I agree that the piece has some faults (the rather token inclusion of Conrad's wife and her quote, which was lame or modest or mild at any rate, didn't live up to the way it was described) and was itself straining at times to emulate Conrad's own trans-inclusiveness.

But I disagree that it belaboured his renown for opaqueness; I thought it did a great job in quoting contemporaries and framing it up as in fact an almost misunderstood facet of Conrad's brilliance. His style requires the reader do some work and approach him on his own terms (there's something of a parallel for me with Joyce in this respect) because one of the overriding elements of that brilliance is the way he posits observations of scenes, characters and ideas from many standpoints requiring the reader to construct the subject from his offerings. That, for me, was the strength of the exegesis presented. It communicated what I've always admired (and what often astonished me, particularly knowing his background) about Conrad and what I've always had difficulty in encapsulating for myself as a descriptive appreciation of his work.

I haven't read 'The Secret Agent' but I'm sufficiently intrigued to go and check it out.
posted by peacay at 9:08 AM on December 4, 2007


Funny, I was just reading about Conrad last night, via this.
posted by notsnot at 9:11 AM on December 4, 2007


From the Guardian piece:

As Conrad put it in his 1905 essay "Books": "To be hopeful in an artistic sense it is not necessary to think that the world is good. It is enough to believe that there is no impossibility of it being made so."


That really speaks to me and I always find myself closest to literature that reflects this sentiment.
posted by Divine_Wino at 9:28 AM on December 4, 2007


This all makes me want to go out and re-read Conrad. Thanks for the post.
posted by blucevalo at 10:56 AM on December 4, 2007


I take Wells' point, but he might have gone on to note that Conrad could have been doing it deliberately; reading Conrad's descriptions, such as the beautiful example presented by futility closet above, has always evoked in me visual images like something painted by Turner. I have no idea whether Conrad was a myope, however.

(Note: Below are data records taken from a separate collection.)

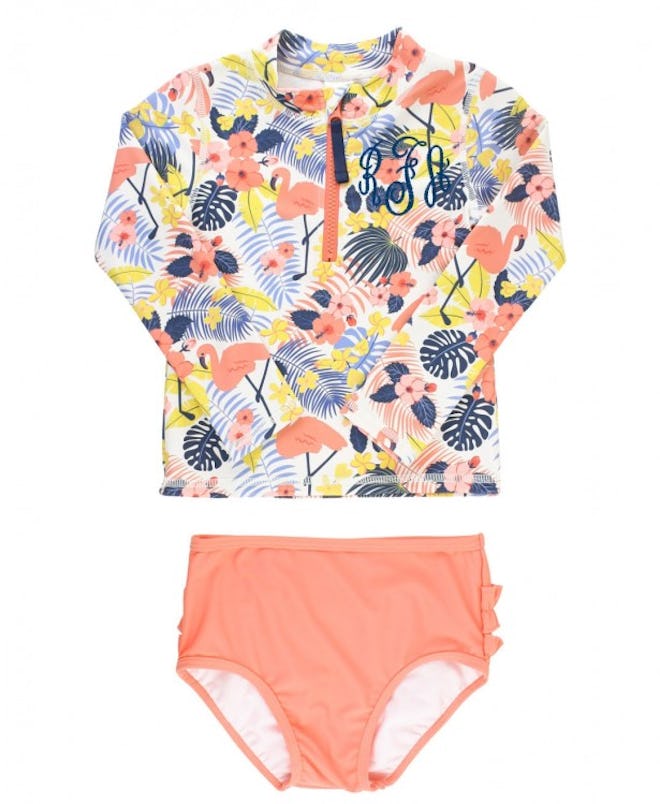 Tropical Flamingo Long Sleeve Zipper Rash Guard Bikini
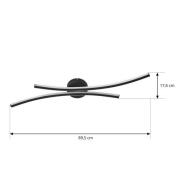 Lindby LED-taklampa Ravion, 90 cm, svart, 3 000 K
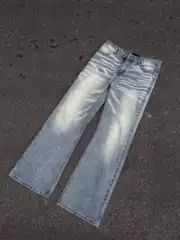 Washed Vintage Whiskered Flared Jeans for Men Trendy Brand New American Style Loose Retro Cleanfit Wide-Leg Pants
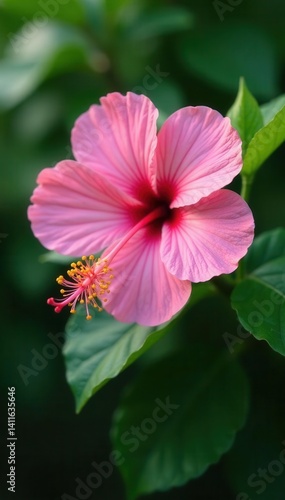 Delicate pink hibiscus, vibrant petals, lush green leaves, color, picture, beauty
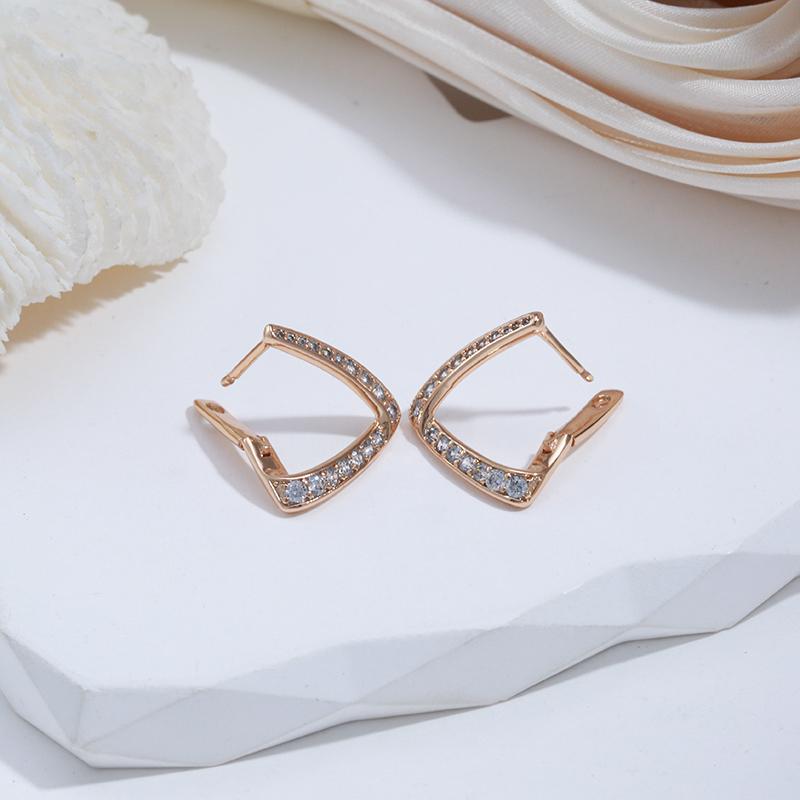 Kinel Vintage Geometric Rose Gold Color Clip Earrings For Women Natural Zircon Trendy Jewelry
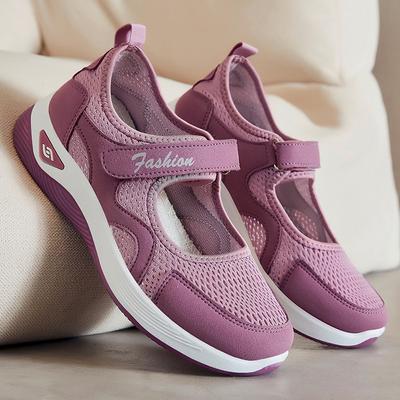 Shoes Women'S Summer Walking Shoes Mesh Breathable Women'S Shoes Middle-Aged And Elderly Mother Shoes Velcro Single Shoes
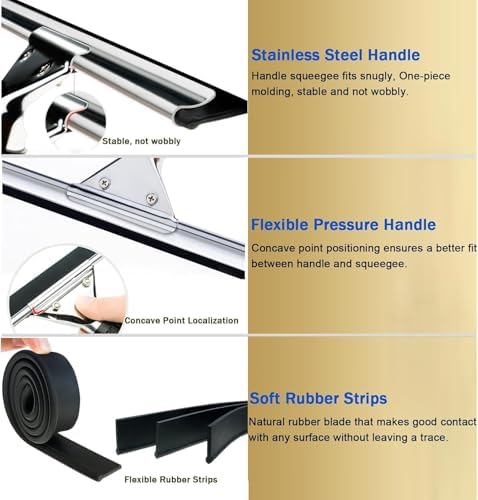 Professional Aluminum Telescoping Window Cleaner Tool Kit - 13 to 50 Feet Extension Pole for High Windows & Solar Panels Cleaning, Durable & Lightweight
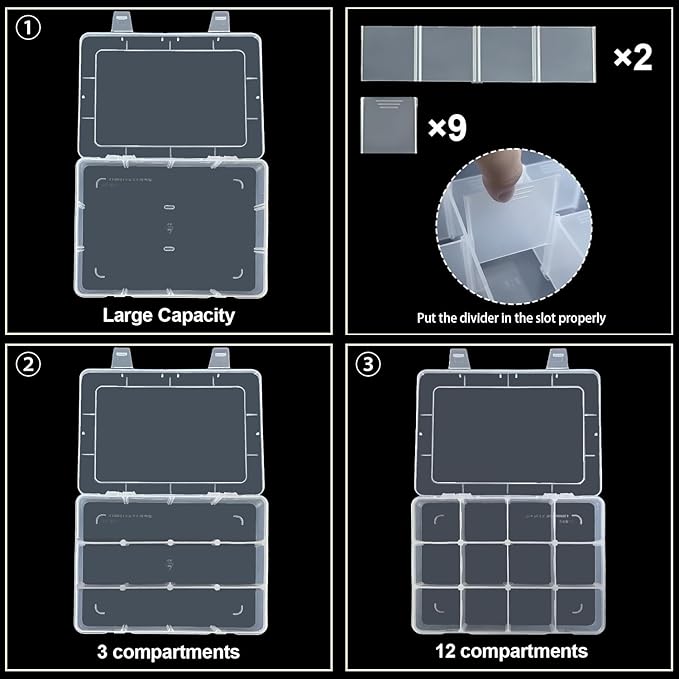 DUOFIRE Clear Plastic Bead Organizer Container Storage Box Adjustable Dividers Removable Grid Compartment for Jewelry Beads Earring Container Tool Fishing Hook Small Accessories(12 Grids)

There is an odd passage toward the end of Nostromo which, if not simply a typo, seems to me to be a turn of phrase very few literate native speakers of English would have chosen to use:

"Bosh!" said Captain Mitchell, concealing a disagreeable impression.
posted by jamjam at 1:24 PM on December 4, 2007


My favourite writer. You have to read his novels slowly.
posted by elmono at 2:16 PM on December 4, 2007


The yarns of seamen have a direct simplicity, the whole meaning of which lies within the shell of a
cracked nut. But Marlow was not typical, and to him the meaning of an episode was not inside like a
kernel but outside, enveloping the tale which brought it out only as a glow brings out a haze.
But everyone else remembers that anyway though, surely? In fact, I seem to remember (dimly) our first year undergrad tutorial on Heart of Darkness being derailed by a discussion of the above in direct relation to Leavis's view mentioned. I think it was this that clued me in to the unfortunate truth that a study of "English lit" (back then at least) was really a study of literary criticism.
posted by GeckoDundee at 4:38 AM on December 5, 2007


jamjam: that is maybe a bit unidiomatic but I could imagine reading similar in, say, Henry James. Often Conrad writes these things because he's thinking in French (or in Polish then French, I dunno): you get a lot of straightforward Gallicisms in his stuff, I seem to remember.